Sunday, November 1, 2009

What's My Interest Rate? What's My Interest Rate?



Wow.  This week a customer nearly drove me nuts with this question.  Over and over and over again.

It's easy to understand why car buyers think the salesman knows what kind of loan they are gonna get.  But usually we don’t.  Here's why. 

THE DEPARTMENTS
To begin, remember that most new car dealerships have three separate but intertwined business units under one roof:
1)     New & Used Car Sales
2)     Financing 
3)     Service & Parts

The three businesses work with each other but are nevertheless separate. Each has its own distinct function.  Today we are concerned only with the first two.

NEW & USED CAR SALES.  This is my department.  When you come into my office we select a vehicle, agree upon the price, and, if you are going to finance with us, I take your credit application.  Because of that last act it is easy to understand why you might think my office gets your loan approval and knows what rate the lender(s) offers you.  But we do not.

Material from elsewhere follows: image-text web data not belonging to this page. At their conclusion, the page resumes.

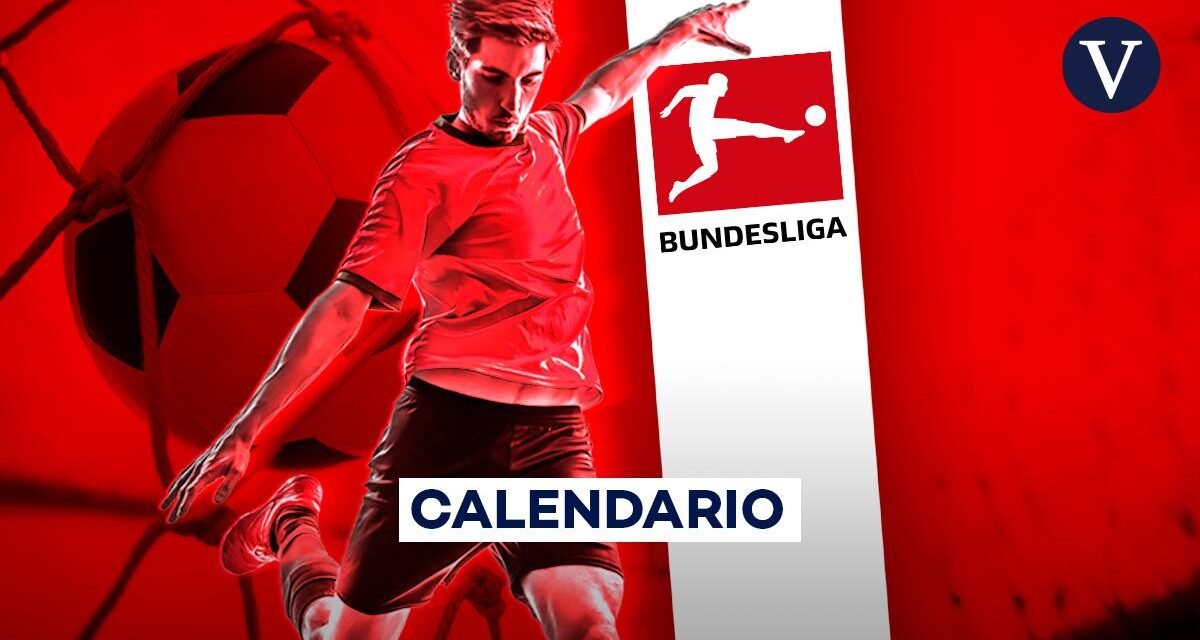 Hoffenheim – RB Leipzig: horario y dónde ver el partido de la Jornada 32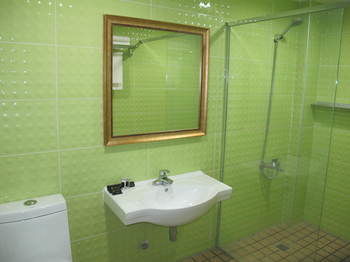 Vera Hotel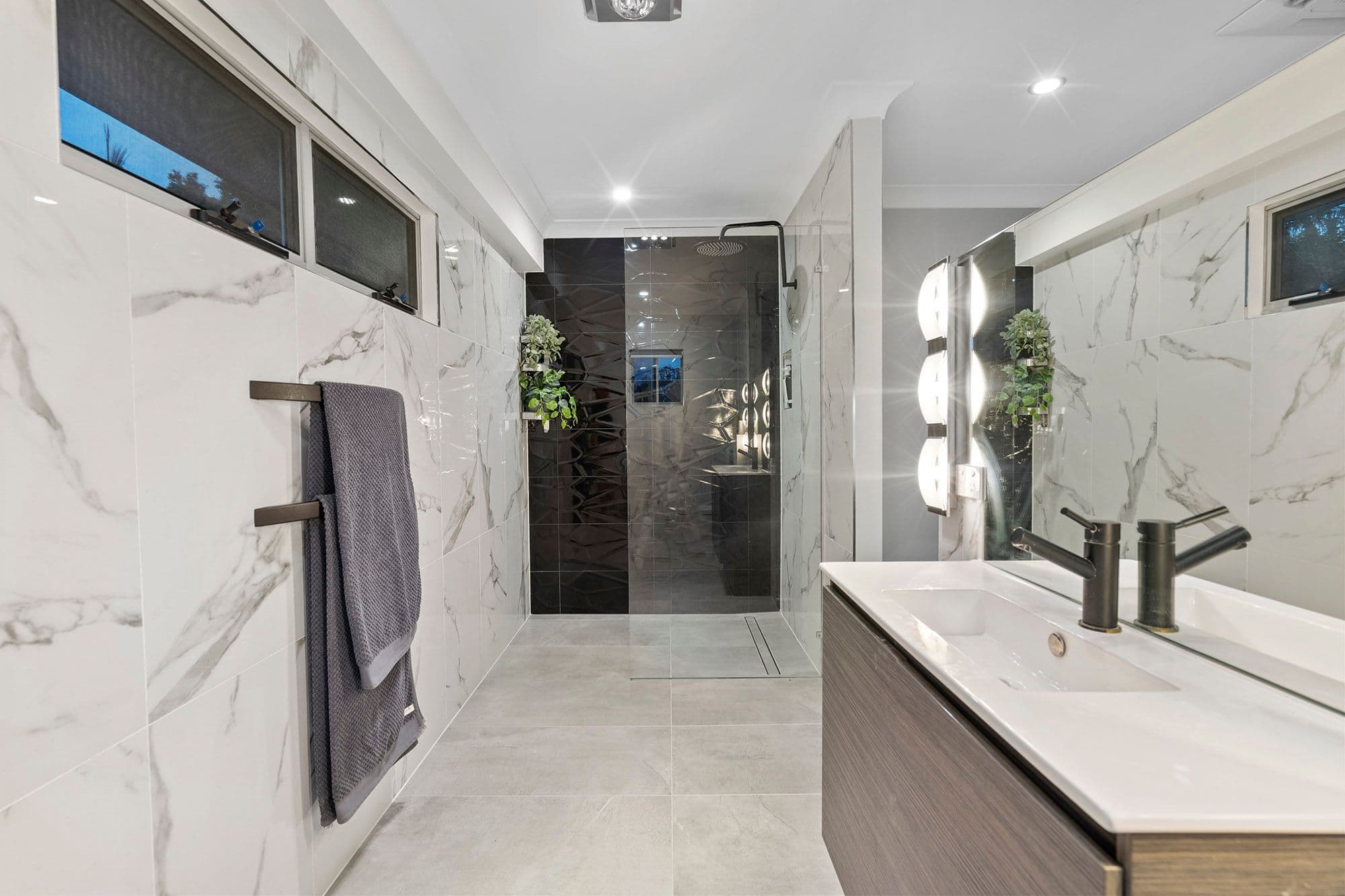 33 Clivia Crescent, Daisy Hill QLD 4127, Daisy Hill - Thumbnail 8
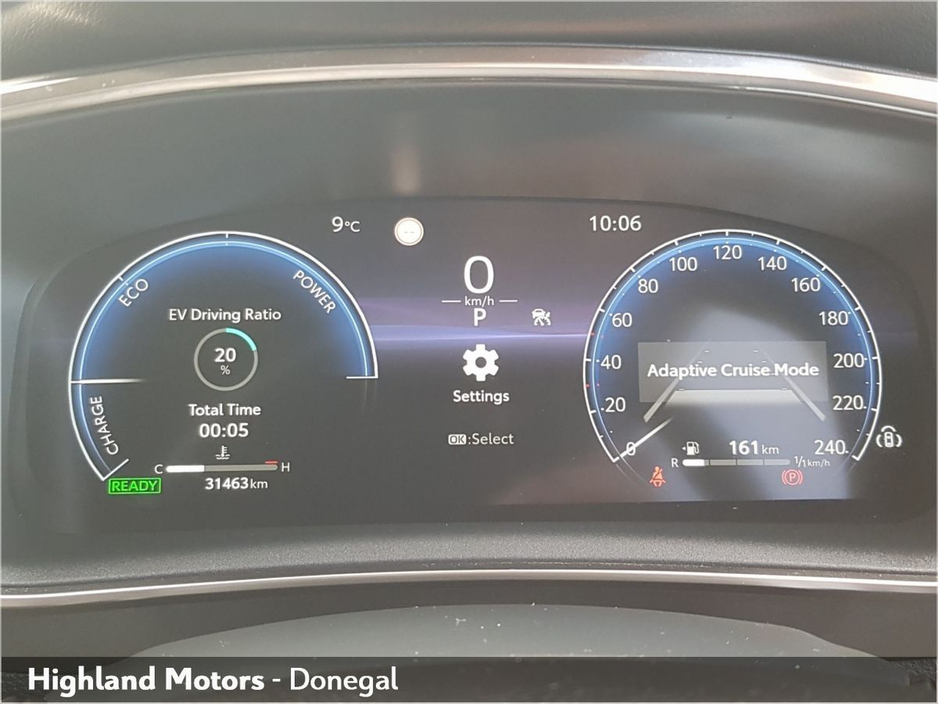 2023 Toyota Corolla - image 15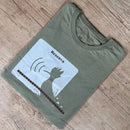 Camiseta Premium RSV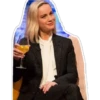 Brie Larson #1 5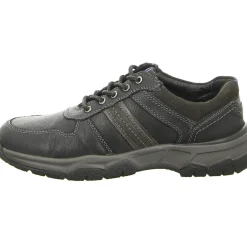 scarbello Schnürhalbschuh Freizeit (Casual)
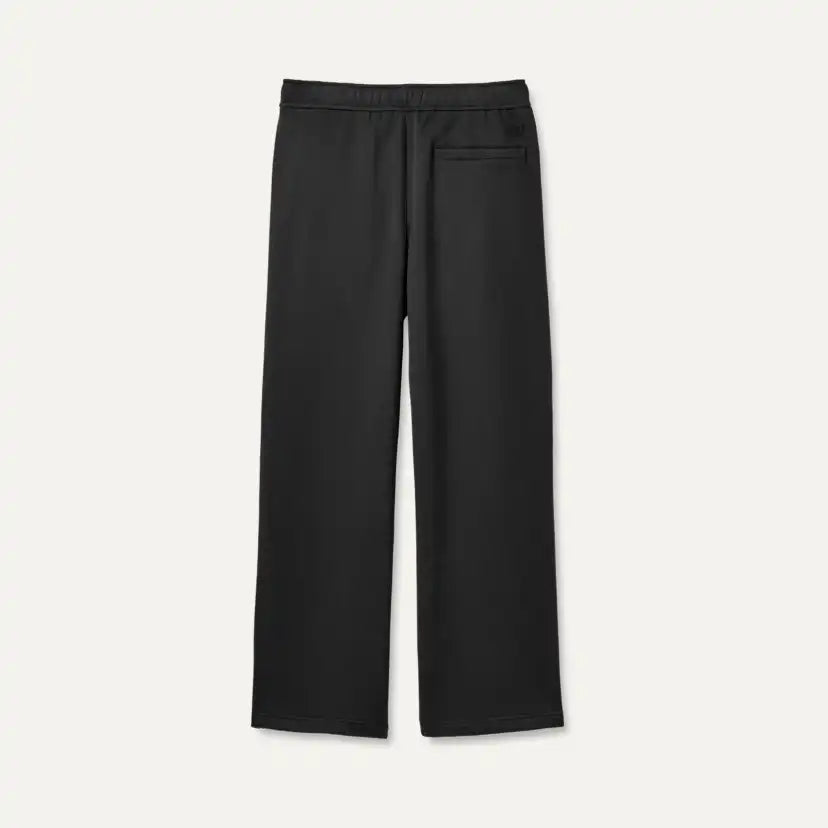 Homme Pantalon coupe droite Tasman - TAR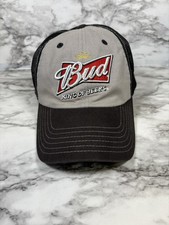 Cfs kevin harvick for sale  Kings Mountain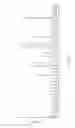 Fig. 48 - 5' TARGETING OLIGONUCLEOTIDES FOR MODULATING RNA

When I create a purchase documents folder for you it includes a Purchase Agreement, your Credit Application form, and any required Accompanying Documents.  Our office also enters your credit application info into a credit processing system and then prints out your credit reports. (“Reports” plural as there are 3 major credit reporting agencies: Experian, Trans-Union and Equifax).  We then put all of these documents into the folder in order to have a complete purchase documents package.

At this stage I might be able to provide you with a payments estimate, based upon the information we have accumulated in the folder.  But this is only an estimate (more often than not a guesstimate), as I and my fellows in the Sales Department are not finance professionals.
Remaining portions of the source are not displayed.